In the past couple of years, it has become woefully clear that both the political elite and the public at large have a very distorted view of slavery and its afterlives. In 2017, then White House Chief of Staff John Kelly opined that a “lack of ability to compromise,” not the institution of slavery, was the root cause of the Civil War. More than one-third of American social studies teachers don’t teach students about slavery, and, to the extent that slavery is taught, many students learn from textbooks that undermine the violence of enslavement and the social, political, and economic centrality of slavery to the North, South, East and West.
I worry about what this means as we move into an election that posits that “reckoning” with enslavement is central to “moving forward.” What precisely does it mean to “move forward,” particularly when political elites consistently demonstrate that they lack comprehension of slavery’s depth, breadth, and centrality to who, what, and how we (and this is a collective, and in some ways, imaginative, we) are? We can never “rid” ourselves of slavery; such an aspiration is misguided and, to put it plainly, downright impossible. Yet I believe that this is precisely what many politicians believe that reparatory justice can and should do. Such a suggestion should give us immediate pause.
In the final year of my graduate program, I took a political theory seminar entitled, “Mitigating Historical Injustice.” Reparations loomed large in the course, and we returned to the topic time and time again.
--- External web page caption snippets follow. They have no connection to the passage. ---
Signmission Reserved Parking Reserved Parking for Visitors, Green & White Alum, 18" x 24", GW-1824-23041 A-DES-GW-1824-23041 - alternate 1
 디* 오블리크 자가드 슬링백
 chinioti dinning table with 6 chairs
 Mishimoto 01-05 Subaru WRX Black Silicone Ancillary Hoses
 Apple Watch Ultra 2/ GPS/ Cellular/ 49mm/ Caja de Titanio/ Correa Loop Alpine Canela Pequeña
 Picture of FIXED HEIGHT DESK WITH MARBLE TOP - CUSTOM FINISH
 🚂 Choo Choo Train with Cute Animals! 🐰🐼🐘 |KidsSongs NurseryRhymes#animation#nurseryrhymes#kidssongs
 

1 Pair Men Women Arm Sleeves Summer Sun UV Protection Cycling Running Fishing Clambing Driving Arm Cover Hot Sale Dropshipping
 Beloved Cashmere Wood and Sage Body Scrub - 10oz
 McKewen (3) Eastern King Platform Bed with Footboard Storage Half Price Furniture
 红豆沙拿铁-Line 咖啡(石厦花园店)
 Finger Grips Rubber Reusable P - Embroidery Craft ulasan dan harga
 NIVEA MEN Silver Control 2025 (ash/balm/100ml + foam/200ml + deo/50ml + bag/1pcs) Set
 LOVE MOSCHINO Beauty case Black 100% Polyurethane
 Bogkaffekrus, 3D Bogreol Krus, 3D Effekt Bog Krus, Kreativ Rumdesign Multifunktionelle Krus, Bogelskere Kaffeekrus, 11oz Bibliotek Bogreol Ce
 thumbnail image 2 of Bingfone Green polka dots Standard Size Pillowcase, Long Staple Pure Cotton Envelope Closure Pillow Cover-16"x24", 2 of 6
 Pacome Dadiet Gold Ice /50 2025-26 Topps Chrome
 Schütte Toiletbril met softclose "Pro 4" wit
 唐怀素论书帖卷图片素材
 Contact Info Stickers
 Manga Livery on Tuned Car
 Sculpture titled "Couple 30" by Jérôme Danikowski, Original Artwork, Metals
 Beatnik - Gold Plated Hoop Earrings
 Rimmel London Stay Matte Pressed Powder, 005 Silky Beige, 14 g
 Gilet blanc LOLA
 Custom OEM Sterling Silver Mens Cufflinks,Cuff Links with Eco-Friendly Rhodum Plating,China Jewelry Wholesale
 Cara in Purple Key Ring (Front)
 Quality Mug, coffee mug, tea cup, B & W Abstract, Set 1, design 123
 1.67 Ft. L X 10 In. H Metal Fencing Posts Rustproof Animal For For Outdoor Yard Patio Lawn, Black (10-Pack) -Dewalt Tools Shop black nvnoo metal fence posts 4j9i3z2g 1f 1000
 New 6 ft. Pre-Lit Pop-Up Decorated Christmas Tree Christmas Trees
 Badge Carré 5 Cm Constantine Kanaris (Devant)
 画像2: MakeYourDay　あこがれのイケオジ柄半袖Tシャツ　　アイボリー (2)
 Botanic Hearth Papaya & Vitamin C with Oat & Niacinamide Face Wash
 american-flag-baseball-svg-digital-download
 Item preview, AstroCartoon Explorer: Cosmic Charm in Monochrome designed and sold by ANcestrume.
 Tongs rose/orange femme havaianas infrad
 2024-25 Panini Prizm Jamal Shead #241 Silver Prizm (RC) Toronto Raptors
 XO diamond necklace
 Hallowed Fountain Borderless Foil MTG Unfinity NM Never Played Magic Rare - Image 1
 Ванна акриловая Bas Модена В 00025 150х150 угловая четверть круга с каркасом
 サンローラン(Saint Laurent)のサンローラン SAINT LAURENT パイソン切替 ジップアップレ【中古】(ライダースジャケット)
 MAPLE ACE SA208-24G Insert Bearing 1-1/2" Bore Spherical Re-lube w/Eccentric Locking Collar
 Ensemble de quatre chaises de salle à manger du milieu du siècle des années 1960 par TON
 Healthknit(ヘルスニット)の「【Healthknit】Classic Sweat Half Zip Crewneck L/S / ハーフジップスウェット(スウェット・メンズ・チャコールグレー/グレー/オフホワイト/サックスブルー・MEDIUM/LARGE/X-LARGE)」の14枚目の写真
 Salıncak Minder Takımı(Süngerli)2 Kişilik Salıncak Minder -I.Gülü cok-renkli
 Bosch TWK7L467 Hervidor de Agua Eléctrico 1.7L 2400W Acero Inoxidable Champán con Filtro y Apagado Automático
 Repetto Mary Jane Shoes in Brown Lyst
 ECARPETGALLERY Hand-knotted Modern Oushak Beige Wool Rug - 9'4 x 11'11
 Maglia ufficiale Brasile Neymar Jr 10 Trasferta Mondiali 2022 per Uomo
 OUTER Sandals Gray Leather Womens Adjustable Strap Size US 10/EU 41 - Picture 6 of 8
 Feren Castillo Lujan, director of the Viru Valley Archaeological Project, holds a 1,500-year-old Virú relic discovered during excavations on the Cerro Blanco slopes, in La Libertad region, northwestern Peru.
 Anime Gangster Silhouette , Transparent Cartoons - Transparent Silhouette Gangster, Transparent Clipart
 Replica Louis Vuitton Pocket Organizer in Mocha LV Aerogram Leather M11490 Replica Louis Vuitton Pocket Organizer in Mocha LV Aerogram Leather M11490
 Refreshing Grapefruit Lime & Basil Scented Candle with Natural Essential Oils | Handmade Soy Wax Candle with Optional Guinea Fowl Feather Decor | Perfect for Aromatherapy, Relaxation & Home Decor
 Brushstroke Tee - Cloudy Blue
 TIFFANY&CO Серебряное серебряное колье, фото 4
The professor once asked us, “What happens after reparations?” By this she meant reparations in a broad sense, within the context of many forms of historical wrongs and injustice, not solely within the context of American slavery. My classmates, a gathering of graduate students from South Africa, Germany, the UK, and the U.S., were silent. One eventually responded, “Well, I guess we will have done the work we needed to do. We’ll all be able to move on.” When I think of that conversation now, I return to my memories of my grandfather calling for his mother and his grandmother in his final days. Mary and Methel had never left him; they were always with him. Moving on from them was never an option for him, just as moving on from him will never be an option for me. Histories—personal, familial, social, political, legal, economic and otherwise—don’t fade away. We must be skeptical of those who imply that they can and do.